Les syndicats pointent un manque de dialogue social dans l'entreprise
"En 26 ans de carrière, il a été mis à pied une fois pour un changement de nom sur un planning", a relevé Yannick Martin, interrogé par France Bleu. Le management de l'entreprise et les conditions sociales sont critiqués par les représentants syndicaux. De plus, ceux-ci déclarent de ne pas comprendre pourquoi la société a laissé leur collègue finir sa tournée et reconduire le camion au dépôt le jour de l'incident qui a causé son licenciement. "S'il était vraiment dangereux, il ne fallait pas le laisser reprendre le volant", s'est étonné Ahmed Benani au micro de France Bleu. "Ce n'est qu'à l'issue de quatre heures d'immobilisation que la police a redonné les clés du véhicule et a autorisé le chauffeur à repartir", après un nouveau test, "cette fois en dessous des limites autorisées", a rétorqué l'entreprise à franceinfo.
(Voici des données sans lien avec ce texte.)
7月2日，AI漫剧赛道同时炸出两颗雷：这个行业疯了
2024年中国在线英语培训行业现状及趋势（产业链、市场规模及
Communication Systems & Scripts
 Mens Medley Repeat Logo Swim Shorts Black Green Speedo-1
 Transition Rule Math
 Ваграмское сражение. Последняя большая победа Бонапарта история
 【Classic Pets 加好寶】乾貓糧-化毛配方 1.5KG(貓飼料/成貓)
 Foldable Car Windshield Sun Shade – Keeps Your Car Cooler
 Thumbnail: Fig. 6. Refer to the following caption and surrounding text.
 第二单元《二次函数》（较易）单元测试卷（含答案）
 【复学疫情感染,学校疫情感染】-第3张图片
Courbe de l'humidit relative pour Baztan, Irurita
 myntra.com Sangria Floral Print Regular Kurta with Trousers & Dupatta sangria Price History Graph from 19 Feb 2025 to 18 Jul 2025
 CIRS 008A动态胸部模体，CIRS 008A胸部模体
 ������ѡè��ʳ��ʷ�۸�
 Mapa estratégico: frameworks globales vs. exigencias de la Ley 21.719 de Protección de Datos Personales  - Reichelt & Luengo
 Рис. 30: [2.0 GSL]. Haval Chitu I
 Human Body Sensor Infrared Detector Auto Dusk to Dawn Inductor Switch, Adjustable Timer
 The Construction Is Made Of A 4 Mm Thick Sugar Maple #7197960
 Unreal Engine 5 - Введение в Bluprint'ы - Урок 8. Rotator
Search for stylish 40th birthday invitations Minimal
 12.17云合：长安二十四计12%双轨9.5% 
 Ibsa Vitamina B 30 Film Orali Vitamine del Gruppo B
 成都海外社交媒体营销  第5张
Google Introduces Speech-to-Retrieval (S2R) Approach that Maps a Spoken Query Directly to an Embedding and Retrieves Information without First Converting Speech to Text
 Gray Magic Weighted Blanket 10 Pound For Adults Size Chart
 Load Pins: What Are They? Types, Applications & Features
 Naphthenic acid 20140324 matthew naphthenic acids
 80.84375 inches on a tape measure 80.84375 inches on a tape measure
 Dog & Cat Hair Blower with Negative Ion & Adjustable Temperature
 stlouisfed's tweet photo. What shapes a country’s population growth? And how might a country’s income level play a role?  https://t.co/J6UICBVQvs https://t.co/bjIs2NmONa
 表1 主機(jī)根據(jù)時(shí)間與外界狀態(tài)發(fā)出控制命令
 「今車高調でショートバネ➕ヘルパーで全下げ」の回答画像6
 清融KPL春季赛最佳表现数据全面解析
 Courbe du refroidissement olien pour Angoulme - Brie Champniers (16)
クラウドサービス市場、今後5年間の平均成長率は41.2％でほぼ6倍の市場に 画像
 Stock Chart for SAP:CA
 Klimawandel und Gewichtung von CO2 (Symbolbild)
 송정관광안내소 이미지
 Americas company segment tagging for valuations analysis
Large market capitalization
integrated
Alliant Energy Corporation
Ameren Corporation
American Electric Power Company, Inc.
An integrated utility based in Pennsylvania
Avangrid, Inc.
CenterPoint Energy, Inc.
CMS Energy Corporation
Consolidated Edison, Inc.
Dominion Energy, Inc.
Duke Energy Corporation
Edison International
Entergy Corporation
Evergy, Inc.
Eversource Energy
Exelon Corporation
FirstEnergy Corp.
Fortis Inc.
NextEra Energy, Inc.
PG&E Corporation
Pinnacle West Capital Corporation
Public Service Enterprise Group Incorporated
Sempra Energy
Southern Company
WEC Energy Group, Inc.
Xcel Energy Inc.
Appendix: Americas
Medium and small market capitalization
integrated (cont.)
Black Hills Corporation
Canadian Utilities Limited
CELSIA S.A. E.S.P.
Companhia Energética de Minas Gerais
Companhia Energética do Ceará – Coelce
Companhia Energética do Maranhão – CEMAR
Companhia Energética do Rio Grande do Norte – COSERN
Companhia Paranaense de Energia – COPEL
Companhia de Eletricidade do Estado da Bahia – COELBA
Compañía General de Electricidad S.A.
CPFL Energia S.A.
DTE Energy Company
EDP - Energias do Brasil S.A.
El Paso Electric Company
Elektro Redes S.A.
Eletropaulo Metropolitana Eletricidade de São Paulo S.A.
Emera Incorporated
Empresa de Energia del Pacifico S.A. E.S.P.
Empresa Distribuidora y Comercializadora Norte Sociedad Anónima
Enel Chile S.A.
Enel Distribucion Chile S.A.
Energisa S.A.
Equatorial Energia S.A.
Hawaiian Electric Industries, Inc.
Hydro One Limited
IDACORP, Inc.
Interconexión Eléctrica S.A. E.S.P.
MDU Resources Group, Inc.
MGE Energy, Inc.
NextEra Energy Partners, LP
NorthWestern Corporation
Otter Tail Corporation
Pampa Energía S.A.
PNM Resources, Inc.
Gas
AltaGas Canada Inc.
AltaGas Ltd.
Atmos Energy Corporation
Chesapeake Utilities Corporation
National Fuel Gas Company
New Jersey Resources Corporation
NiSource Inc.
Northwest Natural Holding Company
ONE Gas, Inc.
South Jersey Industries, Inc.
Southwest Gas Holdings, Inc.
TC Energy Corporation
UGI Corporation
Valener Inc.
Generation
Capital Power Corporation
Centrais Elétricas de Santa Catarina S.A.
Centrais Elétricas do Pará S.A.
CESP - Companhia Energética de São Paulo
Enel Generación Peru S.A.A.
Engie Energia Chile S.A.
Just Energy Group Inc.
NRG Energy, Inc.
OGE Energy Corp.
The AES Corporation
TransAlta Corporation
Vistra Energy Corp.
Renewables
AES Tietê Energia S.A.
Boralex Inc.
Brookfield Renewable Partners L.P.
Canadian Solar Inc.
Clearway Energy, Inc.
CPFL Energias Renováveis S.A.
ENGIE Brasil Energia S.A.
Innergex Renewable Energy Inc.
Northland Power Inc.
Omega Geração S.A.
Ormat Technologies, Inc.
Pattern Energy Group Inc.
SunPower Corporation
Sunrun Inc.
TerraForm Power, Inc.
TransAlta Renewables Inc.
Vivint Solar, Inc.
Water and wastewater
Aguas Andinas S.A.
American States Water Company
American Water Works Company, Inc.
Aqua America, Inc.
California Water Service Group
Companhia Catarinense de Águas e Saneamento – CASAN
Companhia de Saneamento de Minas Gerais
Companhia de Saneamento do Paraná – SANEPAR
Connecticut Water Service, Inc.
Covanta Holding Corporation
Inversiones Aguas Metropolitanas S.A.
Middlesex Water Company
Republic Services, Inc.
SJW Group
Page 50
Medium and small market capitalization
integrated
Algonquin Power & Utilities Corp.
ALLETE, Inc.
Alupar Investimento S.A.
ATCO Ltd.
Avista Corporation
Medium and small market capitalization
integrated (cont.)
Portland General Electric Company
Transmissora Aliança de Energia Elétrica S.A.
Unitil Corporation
"Ils auraient pu mettre en place un suivi, un accompagnement, au lieu de le licencier tout de suite", a avancé Yannick Martin auprès de France Bleu. Les syndicats ont par ailleurs saisi l'inspection du travail. L'entreprise estime, elle, devoir faire preuve "d'intransigeance" sur la consommation d'alcool de ses employés.
L'alcool au volant, c'est une ligne absolument rouge dans l'entreprise
La Covedà franceinfo
La société emploie 33 salariés, répartis sur le site du Fresne-Camilly et à Giberville, à une vingtaine de kilomètres de là, rappelle Ouest-France. Ces dernières années, l'entreprise a connu plusieurs départs. "Quatre licenciements en quatre ans et, récemment, trois démissions au secrétariat", a affirmé Yannick Martin au journal local. Le maire du Fresne-Camilly, Jacques Landemaine, se souvient également d'un conflit social, survenu en 2017. "Il y a eu des problèmes dans cette société. Il y a trois ans, il y a eu un mouvement social qui avait duré plus d'un mois sur notre commune", a-t-il indiqué au micro de BFMTV-RMC, jeudi. Interrogée par franceinfo à ce sujet, l'entreprise n'a pas fait de commentaire.
La Coved précise toutefois qu'un comité social et économique (CSE) extraordinaire se réunira le 15 juin "pour examiner les conséquences de cette dramatique affaire". Un accompagnement psychologique a également été mis en place sur le site où travaillait cet employé, a appris franceinfo.
La famille envisage de porter plainte
"Mes parents sont dévastés. C'est mon père qui a découvert le corps", a témoigné le frère du défunt, lui-même éboueur, auprès de France Bleu. Sa famille pense désormais à porter plainte.
Tout en reconnaissant l'erreur de son frère, il estime que la Coved aurait"pu lui laisser une deuxième chance", alors qu'un tel incident "n'était jamais arrivé en 26 ans de carrière". Il met également en avant les efforts de l'employé pendant le confinement.
Mon frère a travaillé sans relâche pendant toute cette période, on était les héros du quotidien. Là c'est le monde qui s'écroule
Le frère de l'agent décédéà France Bleu
Un sentiment partagé du côté des syndicats. "Ils sont où les héros du quotidien dont on parlait, qu'on applaudissait, [et] tous les messages qu'on nous a mis sur nos poubelles ? Tous les messages qu'on a gardés d'ailleurs, car nous [étions] très touchés par cela. Mais la direction s'en fout de ça, le boulot était fait, mais on n'est pas des héros du quotidien pour eux. On est là pour faire ça, basta", s'est emporté Yannick Martin sur RTL.